(Dataset excerpts)

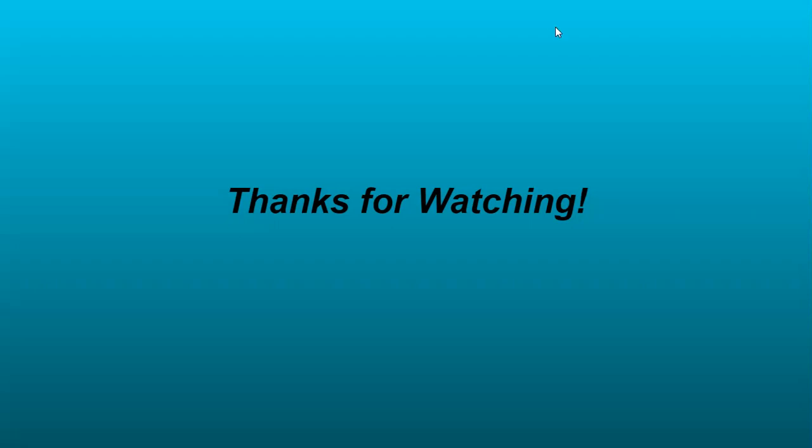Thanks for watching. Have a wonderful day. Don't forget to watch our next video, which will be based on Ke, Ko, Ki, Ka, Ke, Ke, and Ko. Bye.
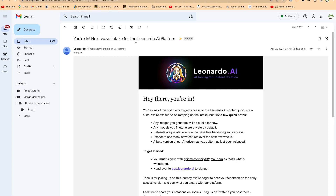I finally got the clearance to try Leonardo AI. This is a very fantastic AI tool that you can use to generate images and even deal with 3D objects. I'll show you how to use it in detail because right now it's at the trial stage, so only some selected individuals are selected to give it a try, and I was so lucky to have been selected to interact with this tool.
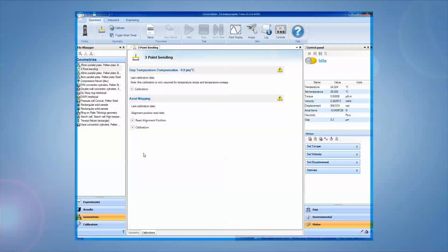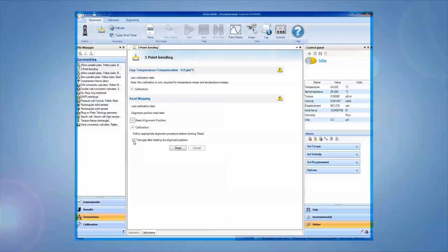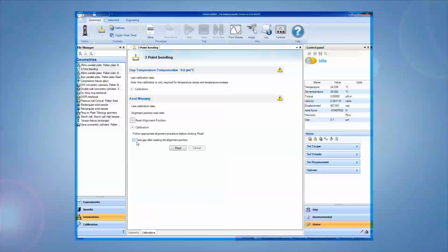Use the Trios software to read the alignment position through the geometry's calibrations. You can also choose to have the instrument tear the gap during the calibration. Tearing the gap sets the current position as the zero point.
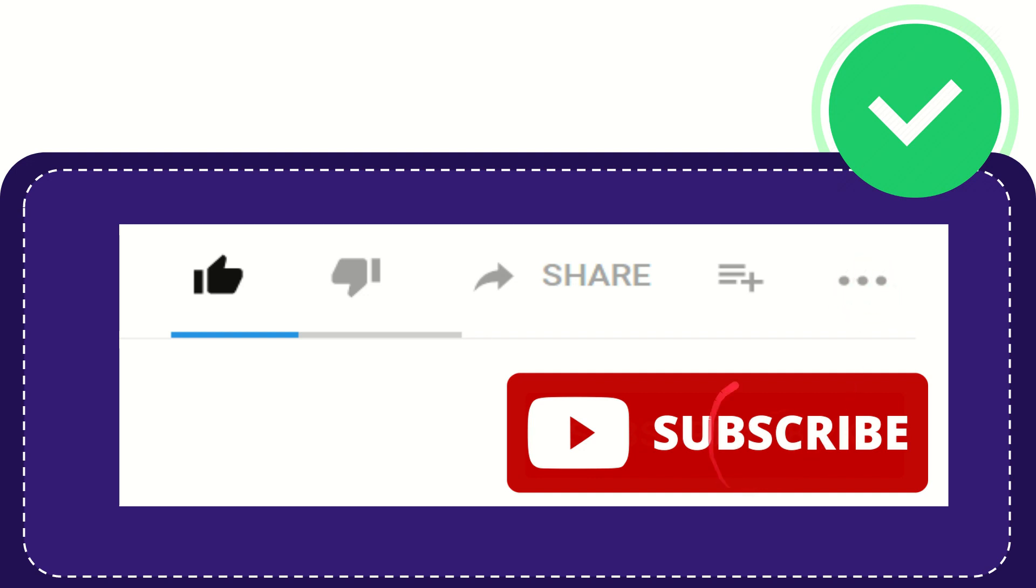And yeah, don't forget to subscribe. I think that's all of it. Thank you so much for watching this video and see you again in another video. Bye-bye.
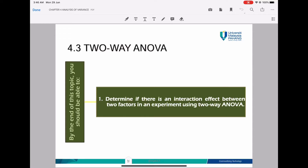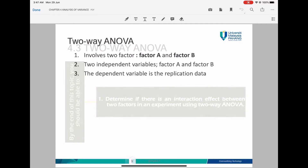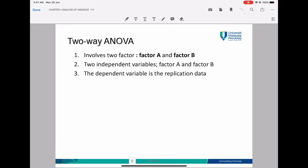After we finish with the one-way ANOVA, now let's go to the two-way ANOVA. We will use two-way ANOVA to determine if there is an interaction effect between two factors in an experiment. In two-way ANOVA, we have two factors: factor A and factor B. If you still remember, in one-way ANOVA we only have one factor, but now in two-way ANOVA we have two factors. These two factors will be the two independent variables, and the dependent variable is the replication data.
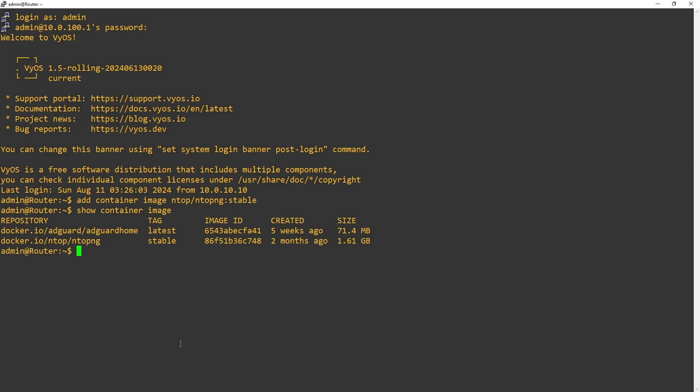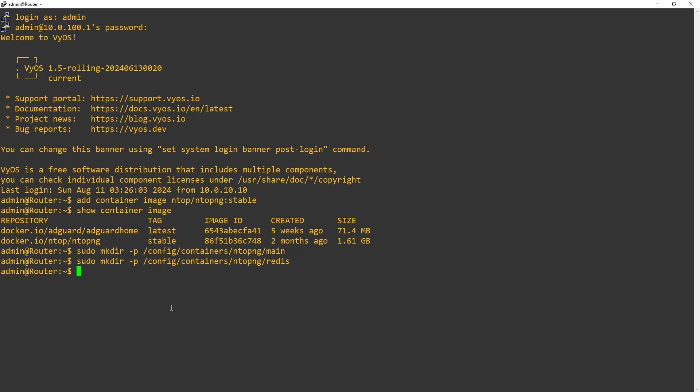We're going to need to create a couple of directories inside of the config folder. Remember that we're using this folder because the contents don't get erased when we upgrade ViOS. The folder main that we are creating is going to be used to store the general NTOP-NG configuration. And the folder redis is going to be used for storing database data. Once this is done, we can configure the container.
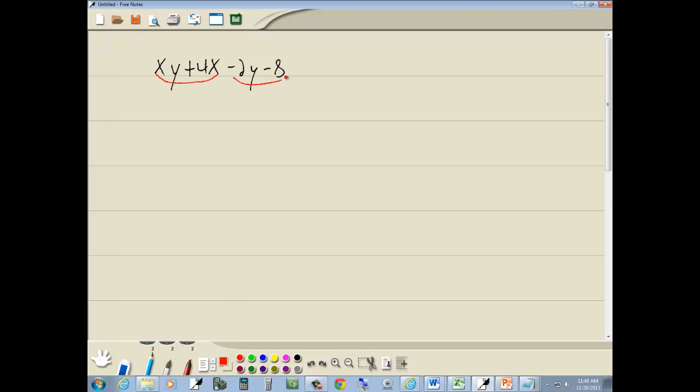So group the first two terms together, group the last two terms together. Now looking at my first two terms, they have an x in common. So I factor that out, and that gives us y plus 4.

(End Dataset excerpts)

### Task to complete
Every line above should be copied exactly, apart from any pictures.

### Output of the exercise
Thanks for watching. Have a wonderful day. Don't forget to watch our next video, which will be based on Ke, Ko, Ki, Ka, Ke, Ke, and Ko. Bye.
I finally got the clearance to try Leonardo AI. This is a very fantastic AI tool that you can use to generate images and even deal with 3D objects. I'll show you how to use it in detail because right now it's at the trial stage, so only some selected individuals are selected to give it a try, and I was so lucky to have been selected to interact with this tool.
Use the Trios software to read the alignment position through the geometry's calibrations. You can also choose to have the instrument tear the gap during the calibration. Tearing the gap sets the current position as the zero point.
And yeah, don't forget to subscribe. I think that's all of it. Thank you so much for watching this video and see you again in another video. Bye-bye.
After we finish with the one-way ANOVA, now let's go to the two-way ANOVA. We will use two-way ANOVA to determine if there is an interaction effect between two factors in an experiment. In two-way ANOVA, we have two factors: factor A and factor B. If you still remember, in one-way ANOVA we only have one factor, but now in two-way ANOVA we have two factors. These two factors will be the two independent variables, and the dependent variable is the replication data.
We're going to need to create a couple of directories inside of the config folder. Remember that we're using this folder because the contents don't get erased when we upgrade ViOS. The folder main that we are creating is going to be used to store the general NTOP-NG configuration. And the folder redis is going to be used for storing database data. Once this is done, we can configure the container.
So group the first two terms together, group the last two terms together. Now looking at my first two terms, they have an x in common. So I factor that out, and that gives us y plus 4.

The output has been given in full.